The Path and Fruition (Lamdre) tradition of the Sakya school of Tibetan Buddhism presents a similar fourfold approach to understanding emptiness: (i) appearance is established as empty; (ii) emptiness is affirmed as dependent origination; (iii) emptiness and appearance are affirmed as a unity; and (iv) this unity is affirmed as transcending all linguistic expression and conceptual thought.

Normally, emptiness is said to be an antidote to the appearance of intrinsic existence, but this fourfold approach indicates that, if one's understanding is sufficiently deep, one will be able to use the truth of emptiness to counter nihilistic views, and use the affirmation of the world of appearance as a way to overcome absolutism. This reverse way of transcending the two extremes is a unique feature of the Prasangika Madhyamaka School.

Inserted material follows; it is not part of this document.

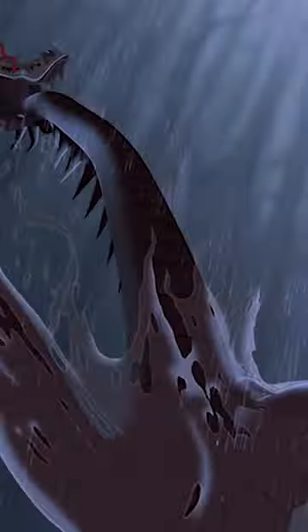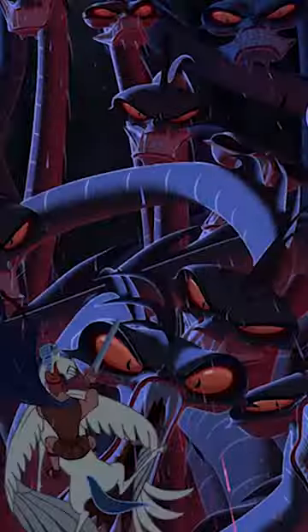The Hydra was done up in CGI, unlike the rest of the movie, which is traditional animation, and it was made this way because it would have been incredibly difficult to animate each of the heads separately — see our previous fact.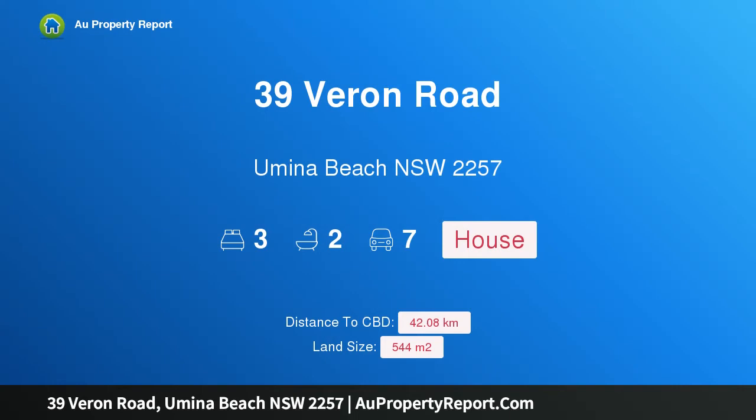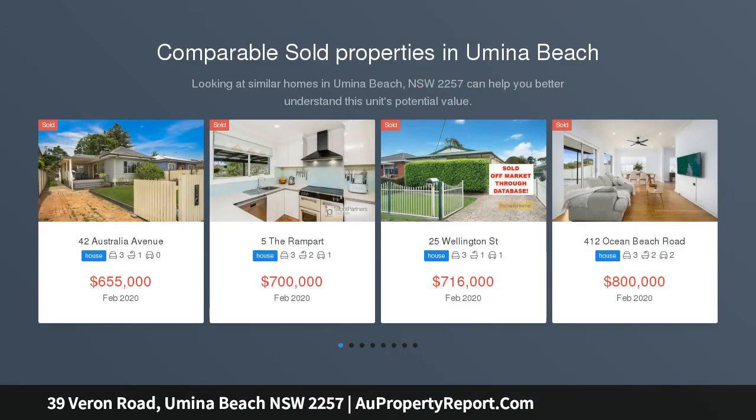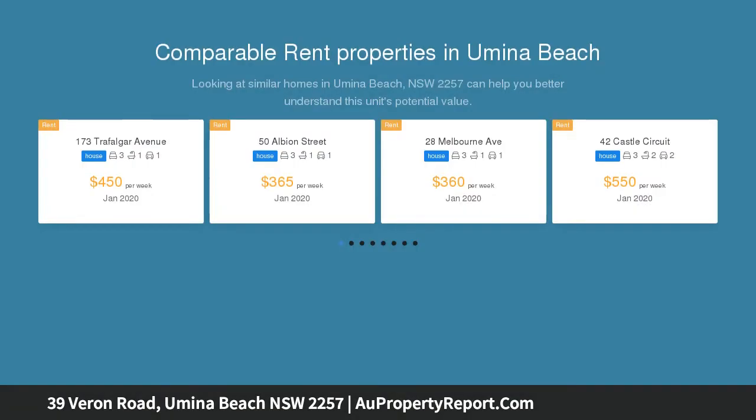Hi, I am glad to introduce property 39 Varon Road, Yumena Beach, NSW 2257 — an immaculate family home. Beautifully crafted and exceptionally presented, number 39 Varon Road is an absolute pleasure to inspect and an absolute must to consider for all buyers seeking something extra special.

The Essence of the Heart Sutra, by Tenzin Gyatso the Fourteenth Dalai Lama, Wisdom Publications, 2002 (pp. 119-120)


I was happy to read this, but not out of vanity. It's hard sometimes to know if an insight, however small, has merit. To see that others, much smarter and more spiritually advanced than myself, have had similar ideas is nice. Not because they said it therefore it must be true, but rather because it suggest that the insight is more likely to be a sign of genuine progress than wishful thinking propped up by vanity.

The entire Heart Sutra is a page or so long and very easy to read. What does the Heart Sutra say to you?